Realizing for the first time that he’s not invincible, Ralph panics and insists that he’s done being a superhero. He only ever got into the hero thing because he thought there was no downside to it for him. If it could actually be dangerous, he’s out.

In prison, Barry befriends a beefy inmate known as Big Sir (wrestler Bill Goldberg), who was a friend of his dad’s. Big Sir saves Barry from getting shivved, and Barry later saves Big Sir from a beatdown by a gang of other inmates.

The Trickster and Prank take a bunch of new hostages and stage a game show they call “Wheel of Misfortune.” They give Stretchy Guy an ultimatum to turn himself over to them or they’ll start playing, and the rules of the game all end with the hostages getting doused by axid. To demonstrate, they melt a Beebo doll (a joke carried over from ‘Legends of Tomorrow’). Too cowardly to help anyone anymore, Ralph refuses to face the Trickster again, even after Cisco offers him a much cooler suit to replace the ugly one he’d been wearing.

Instead, Ralph sneaks into Barry’s cell at Iron Heights and begs him to break out and take care of the Trickster. Barry turns him down. He’s determined to play by the rules until he can be legitimately exonerated. He does give Ralph a pep talk about the difficulties of being a hero, though.

Cisco and Killer Frost try to confront the Trickster and Prank while Harry works on a chemical agent to neutralize the axid. They get tricked by some flying Beebos and are caught by the baddies. Fortunately, Ralph puts on his new suit and comes to their rescue. In order to save them, he sacrifices himself to shield them from the axid. Of course, Harry neutralizes the axid just in the nick of time and Ralph isn’t hurt by it at all.

Axel and his mom get arrested but vow to break out of prison again. Ralph is interviewed on the news again and inadvertently gives himself the nickname “The Elongated Man.” He hates it at first and moans that, “It’s so literal!” Cisco, Caitlin and Harry talk him into learning to live with it.

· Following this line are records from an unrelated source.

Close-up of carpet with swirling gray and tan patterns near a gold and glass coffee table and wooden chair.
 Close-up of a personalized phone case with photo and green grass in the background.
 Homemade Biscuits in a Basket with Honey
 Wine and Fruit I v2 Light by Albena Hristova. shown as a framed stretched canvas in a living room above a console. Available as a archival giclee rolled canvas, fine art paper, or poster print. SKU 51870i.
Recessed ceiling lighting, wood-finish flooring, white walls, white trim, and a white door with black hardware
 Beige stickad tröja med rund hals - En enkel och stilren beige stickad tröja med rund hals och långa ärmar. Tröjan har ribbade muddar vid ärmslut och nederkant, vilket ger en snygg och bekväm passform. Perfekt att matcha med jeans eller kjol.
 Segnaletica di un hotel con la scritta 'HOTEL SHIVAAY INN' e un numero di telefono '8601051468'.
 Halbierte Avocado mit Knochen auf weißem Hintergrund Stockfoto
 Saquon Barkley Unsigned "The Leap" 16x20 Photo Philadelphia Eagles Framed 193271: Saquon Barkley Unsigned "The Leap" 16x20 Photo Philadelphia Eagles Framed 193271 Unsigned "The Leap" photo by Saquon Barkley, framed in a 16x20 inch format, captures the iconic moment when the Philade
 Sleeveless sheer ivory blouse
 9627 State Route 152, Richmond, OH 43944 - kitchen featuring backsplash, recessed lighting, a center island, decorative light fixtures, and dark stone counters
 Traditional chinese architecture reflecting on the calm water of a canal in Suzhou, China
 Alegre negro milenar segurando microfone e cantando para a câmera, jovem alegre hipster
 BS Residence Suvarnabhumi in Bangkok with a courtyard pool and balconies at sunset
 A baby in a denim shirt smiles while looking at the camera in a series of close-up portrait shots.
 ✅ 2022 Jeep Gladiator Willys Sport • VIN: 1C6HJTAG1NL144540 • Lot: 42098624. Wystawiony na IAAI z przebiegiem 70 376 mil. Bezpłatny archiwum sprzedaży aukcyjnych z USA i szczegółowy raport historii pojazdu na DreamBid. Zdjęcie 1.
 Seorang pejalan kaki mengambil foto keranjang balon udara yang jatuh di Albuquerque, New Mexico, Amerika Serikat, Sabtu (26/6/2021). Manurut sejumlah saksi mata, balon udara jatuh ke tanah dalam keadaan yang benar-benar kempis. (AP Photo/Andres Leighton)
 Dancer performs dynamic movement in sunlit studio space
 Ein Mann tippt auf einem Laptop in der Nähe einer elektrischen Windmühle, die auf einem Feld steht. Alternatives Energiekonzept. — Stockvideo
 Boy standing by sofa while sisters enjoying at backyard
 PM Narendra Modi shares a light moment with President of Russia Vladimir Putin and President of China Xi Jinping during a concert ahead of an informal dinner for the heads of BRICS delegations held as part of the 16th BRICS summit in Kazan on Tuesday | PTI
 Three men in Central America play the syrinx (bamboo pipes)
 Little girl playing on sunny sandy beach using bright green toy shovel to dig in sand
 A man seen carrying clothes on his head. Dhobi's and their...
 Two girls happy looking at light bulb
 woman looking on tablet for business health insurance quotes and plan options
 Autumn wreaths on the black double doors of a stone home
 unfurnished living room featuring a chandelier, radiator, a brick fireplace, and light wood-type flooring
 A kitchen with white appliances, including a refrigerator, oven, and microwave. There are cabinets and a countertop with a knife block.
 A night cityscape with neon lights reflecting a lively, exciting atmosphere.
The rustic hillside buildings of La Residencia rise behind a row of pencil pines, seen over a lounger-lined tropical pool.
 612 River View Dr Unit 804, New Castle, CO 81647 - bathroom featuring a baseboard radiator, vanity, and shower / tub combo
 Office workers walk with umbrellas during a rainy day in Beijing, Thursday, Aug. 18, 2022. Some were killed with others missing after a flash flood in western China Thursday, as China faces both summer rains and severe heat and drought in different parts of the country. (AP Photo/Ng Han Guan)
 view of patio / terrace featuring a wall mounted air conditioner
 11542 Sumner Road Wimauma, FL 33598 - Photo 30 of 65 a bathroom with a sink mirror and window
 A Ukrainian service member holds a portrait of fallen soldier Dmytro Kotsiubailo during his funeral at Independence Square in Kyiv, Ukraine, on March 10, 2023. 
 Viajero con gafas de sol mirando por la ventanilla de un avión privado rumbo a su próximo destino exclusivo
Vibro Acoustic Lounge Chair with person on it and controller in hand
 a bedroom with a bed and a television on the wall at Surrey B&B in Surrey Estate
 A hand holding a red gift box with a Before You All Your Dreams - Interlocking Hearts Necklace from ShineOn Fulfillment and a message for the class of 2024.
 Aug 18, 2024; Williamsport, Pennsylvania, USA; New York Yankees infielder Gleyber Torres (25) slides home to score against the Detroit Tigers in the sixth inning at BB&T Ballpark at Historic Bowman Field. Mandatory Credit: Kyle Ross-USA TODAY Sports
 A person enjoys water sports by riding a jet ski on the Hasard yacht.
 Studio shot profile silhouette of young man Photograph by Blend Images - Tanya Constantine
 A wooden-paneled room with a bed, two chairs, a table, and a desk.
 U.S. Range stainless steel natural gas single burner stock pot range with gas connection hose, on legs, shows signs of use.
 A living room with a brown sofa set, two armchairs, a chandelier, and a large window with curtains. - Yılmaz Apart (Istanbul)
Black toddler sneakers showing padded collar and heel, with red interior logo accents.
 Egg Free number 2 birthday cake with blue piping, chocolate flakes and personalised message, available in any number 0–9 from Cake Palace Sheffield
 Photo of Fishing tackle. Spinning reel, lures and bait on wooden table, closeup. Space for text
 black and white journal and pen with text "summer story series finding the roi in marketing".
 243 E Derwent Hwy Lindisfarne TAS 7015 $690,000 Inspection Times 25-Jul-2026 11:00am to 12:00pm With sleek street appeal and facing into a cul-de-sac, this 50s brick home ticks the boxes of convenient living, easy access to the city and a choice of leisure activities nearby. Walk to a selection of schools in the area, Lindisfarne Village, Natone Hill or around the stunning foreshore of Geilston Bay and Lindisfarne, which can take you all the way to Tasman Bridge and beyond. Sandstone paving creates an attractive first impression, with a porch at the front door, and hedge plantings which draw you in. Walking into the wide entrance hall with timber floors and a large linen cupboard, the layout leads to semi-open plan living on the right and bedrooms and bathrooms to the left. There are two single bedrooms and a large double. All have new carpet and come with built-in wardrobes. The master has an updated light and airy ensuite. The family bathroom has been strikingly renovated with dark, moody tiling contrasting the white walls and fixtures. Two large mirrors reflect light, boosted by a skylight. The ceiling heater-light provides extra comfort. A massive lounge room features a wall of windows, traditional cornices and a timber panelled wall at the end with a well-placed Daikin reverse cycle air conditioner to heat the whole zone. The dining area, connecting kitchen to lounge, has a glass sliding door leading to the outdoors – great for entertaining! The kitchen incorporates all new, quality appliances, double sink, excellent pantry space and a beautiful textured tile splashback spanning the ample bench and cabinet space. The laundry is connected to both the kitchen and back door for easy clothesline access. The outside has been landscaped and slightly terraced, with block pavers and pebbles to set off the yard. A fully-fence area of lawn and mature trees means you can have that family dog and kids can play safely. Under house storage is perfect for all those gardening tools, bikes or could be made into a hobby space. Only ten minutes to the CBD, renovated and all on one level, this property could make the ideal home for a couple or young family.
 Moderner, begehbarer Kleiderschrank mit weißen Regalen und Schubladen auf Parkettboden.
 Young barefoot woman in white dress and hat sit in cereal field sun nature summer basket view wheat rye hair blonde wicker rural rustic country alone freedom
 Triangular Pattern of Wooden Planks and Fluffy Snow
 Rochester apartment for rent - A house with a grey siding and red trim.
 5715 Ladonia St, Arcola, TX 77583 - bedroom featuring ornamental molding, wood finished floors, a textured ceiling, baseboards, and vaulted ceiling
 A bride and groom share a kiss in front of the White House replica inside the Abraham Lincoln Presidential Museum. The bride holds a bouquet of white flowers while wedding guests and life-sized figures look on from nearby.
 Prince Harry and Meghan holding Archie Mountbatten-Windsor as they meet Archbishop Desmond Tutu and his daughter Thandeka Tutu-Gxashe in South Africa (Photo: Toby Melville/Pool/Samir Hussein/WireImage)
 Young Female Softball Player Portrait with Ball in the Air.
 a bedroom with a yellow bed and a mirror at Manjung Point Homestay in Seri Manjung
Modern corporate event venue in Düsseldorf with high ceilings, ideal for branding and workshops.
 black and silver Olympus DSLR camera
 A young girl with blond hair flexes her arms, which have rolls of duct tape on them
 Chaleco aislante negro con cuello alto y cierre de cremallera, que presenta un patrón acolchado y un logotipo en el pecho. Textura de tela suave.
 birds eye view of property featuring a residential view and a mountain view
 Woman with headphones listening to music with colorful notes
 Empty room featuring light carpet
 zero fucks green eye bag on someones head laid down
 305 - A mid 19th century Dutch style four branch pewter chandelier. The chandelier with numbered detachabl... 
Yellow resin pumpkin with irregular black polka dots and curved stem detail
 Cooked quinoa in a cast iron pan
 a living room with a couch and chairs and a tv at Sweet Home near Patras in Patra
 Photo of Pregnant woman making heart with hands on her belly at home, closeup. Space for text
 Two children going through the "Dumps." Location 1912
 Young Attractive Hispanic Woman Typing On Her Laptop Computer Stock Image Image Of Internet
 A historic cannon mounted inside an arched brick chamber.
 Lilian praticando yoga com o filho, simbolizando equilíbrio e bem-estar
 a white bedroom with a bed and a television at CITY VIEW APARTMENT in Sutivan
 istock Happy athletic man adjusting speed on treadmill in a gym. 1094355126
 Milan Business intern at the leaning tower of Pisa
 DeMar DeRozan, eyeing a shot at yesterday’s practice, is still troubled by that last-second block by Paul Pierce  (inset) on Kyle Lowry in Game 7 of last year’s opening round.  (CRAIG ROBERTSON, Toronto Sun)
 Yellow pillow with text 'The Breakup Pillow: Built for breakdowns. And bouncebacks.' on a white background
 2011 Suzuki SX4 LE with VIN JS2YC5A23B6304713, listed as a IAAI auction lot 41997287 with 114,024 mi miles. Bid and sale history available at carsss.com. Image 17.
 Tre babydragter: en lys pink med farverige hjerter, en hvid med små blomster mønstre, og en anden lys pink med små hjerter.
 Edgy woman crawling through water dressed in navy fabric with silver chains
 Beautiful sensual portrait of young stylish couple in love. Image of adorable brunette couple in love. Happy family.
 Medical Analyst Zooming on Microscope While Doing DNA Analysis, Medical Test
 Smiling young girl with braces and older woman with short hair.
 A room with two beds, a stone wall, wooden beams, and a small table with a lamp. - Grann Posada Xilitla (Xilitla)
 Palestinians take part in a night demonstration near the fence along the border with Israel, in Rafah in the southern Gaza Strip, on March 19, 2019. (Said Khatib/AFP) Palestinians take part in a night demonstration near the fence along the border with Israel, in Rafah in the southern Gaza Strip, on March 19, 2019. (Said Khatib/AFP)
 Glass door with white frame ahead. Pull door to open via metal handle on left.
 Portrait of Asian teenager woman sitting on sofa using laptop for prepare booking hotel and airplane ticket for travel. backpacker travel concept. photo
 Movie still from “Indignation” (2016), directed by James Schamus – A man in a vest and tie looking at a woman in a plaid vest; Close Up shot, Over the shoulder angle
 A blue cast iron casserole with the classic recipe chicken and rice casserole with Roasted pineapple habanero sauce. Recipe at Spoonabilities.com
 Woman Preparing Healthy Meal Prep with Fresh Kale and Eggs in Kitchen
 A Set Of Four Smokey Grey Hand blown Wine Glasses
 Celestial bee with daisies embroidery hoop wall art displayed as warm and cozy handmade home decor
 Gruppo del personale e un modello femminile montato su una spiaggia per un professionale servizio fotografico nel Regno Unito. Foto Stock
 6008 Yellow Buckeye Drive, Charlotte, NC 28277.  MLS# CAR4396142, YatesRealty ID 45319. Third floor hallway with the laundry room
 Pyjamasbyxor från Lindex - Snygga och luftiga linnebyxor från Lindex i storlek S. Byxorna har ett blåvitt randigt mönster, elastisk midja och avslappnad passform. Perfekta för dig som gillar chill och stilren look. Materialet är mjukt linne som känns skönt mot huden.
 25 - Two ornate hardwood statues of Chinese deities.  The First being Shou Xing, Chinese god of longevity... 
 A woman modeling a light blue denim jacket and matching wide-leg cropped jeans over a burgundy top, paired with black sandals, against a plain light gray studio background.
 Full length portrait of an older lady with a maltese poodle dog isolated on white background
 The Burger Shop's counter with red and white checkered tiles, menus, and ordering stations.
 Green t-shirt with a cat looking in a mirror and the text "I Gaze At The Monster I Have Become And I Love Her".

In an epilogue scene, the strange nervous girl who appeared as a waitress at Barry and Iris’ first wedding attempt shows up at Jitters writing bizarre symbols into a notebook. I still suspect that she’s from the future and knows everybody’s secret identities.

Episode Verdict

I get that the Dibny character is supposed to be an obnoxious ass, but most of this season has overplayed the joke and made him simply annoying. The prospect of watching a Dibny-focused episode didn’t fill me with a lot of confidence. Remarkably, it’s quite fun. The story uses the character’s abrasiveness to good advantage and forces him to become a more tolerable person. While the lesson-learning may be a bit heavy-handed, it doesn’t detract from the entertainment.

The stuff with Barry in prison is a lot duller. Mopey Barry is the least interesting Barry. I guess it’s a good thing that he takes a backseat for most of this episode.

1 comment

  1. Guy

    We’re opposites on this one. They couldn’t get back to prison scenes fast enough for me. Not that I found them overly compelling (though I liked Barry’s subtle use of speed in the Big Sir rescue), but prison scenes didn’t feature two actors in their 30s overacting characters that are already written to behave like teenagers. Whiny manchild Trickster vs. cocky jerk manchild Ralph in the street was a brutal sequence.

    And that fight ended with my biggest pet peeve about the show these days: they continually have Cisco show up to a situation he can easily handle himself only to pull another hero through a breach, leaving the villain be. I understand taking the training wheels off by letting Ralph try flying solo, but after that failed, all Cisco had to do against a non-powered, relative lightweight like Trickster was breach him directly into a cell at Iron Heights before he even realized Vibe was there. Instead, the script has Cisco leave the psycho killer with an acid gun in the middle of the street to continue terrorizing as he pleases because Ralph got an ouchie on his knee. It’s bad writing. It’s the kind of scripting that fails to account for a living world on the other sides of action and cut.